I don't think Google is an order of magnitude more trustworthy, but enough to matter - for now. The way Google would be an order of magnitude more trustworthy to me, would be to implement OTR and ZRTP in Google Talk and Hangouts, and to allow private-key encryption for Gmail and Google Drive, done from inside the browser. And of course these options should be right there for you to see when using the service, not buried in deep levels of settings. And they should be on by default, unless there's a technical or UX reason why that's a big negative, like for encrypting e-mails. But for all the other services it should be okay to set encryption on by default.

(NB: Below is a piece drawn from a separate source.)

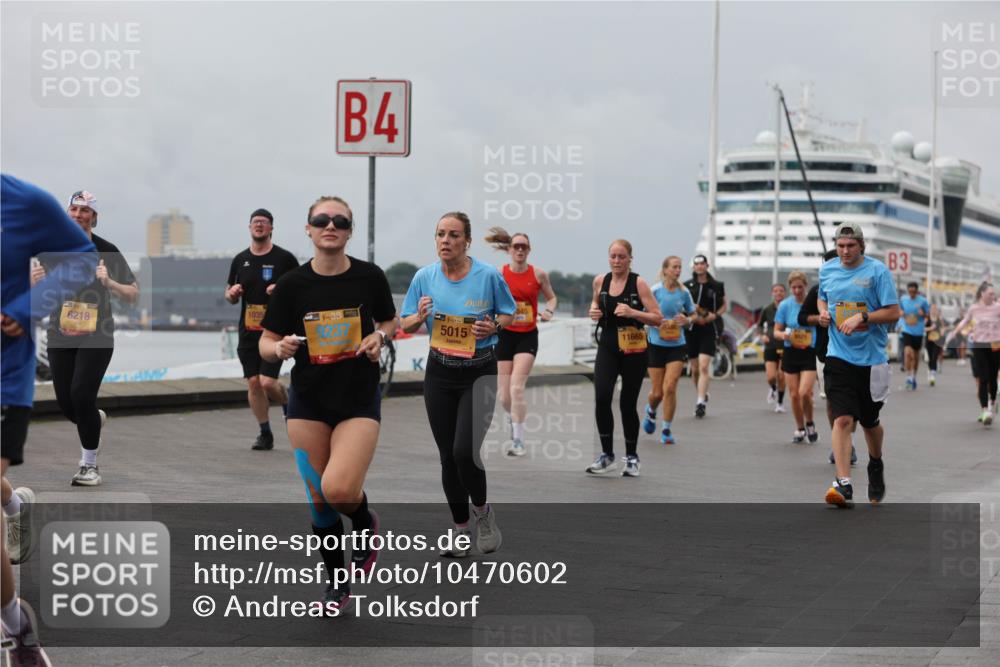 13.09.2026 - Kiel Lauf Andreas Tolksdorf http://msf.ph/oto/10470602 13.09.2026 12:10:33 Kiellinie 1035, 6218, 4, 139, 5015, 11665, 3 meine-sportfotos.de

If you had an option to do so from inside the Gmail client, encryption would become much more mainstream. Techdirt [1] and ArsTechnica [2] had some good articles about it, although I disagree with TechDirt that they should offer "key management" for users. That would defeat the purpose - unless it's guaranteed to only be done by the browser, locally, and they wouldn't have access to that, and it could be easily verified that they're not lying. I think they sort of do this already for the master-password in Chrome.

I don't think these encryption options would hurt their ad-revenue much, and besides - I don't think Google, Microsoft or any other company should scour through my private messages to make their ads more relevant. I don't care how "anonymous" or secure they make it. It's okay if it's public data - but private data? No. Definitely not.

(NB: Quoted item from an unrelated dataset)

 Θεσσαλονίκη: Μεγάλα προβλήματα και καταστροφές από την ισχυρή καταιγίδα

[1] - http://www.techdirt.com/articles/20121218/16095921431/why-go...

[2] - http://arstechnica.com/tech-policy/2012/12/op-ed-a-plea-to-g...

IMHO they would never do that and you're just being naive ;)

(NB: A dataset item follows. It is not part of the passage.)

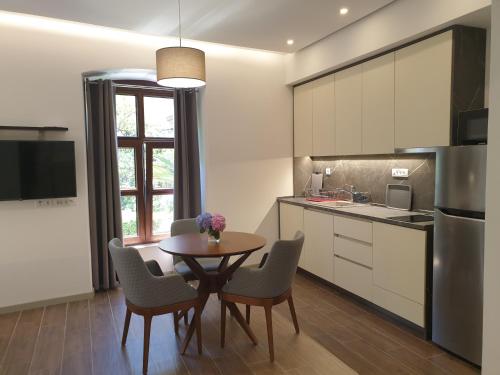 Studio Apartment image 8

Encryption in the browser would mean no targeted ads, less profit for shareholders, problems with the government.

Again IMHO the reality of today is governments and big business are controlled by a very few people, working against the interests of the masses - i.e. a huge conspiracy.

I think they should offer this for their paid service and drop the data mining and targeted ads for it- but not offer it for their free service. I should be allowed to pay for true (at least to the limit the government will allow- that's a separate discussion) privacy.
I agree, this would be pretty good, and I think I'd pay for it. They are in a unique position to build a browser API for dealing with encrypted data.
citation needed

edit: Don't they all follow what they say in their TOS? Are the TOS the same? (I don't know, maybe they are)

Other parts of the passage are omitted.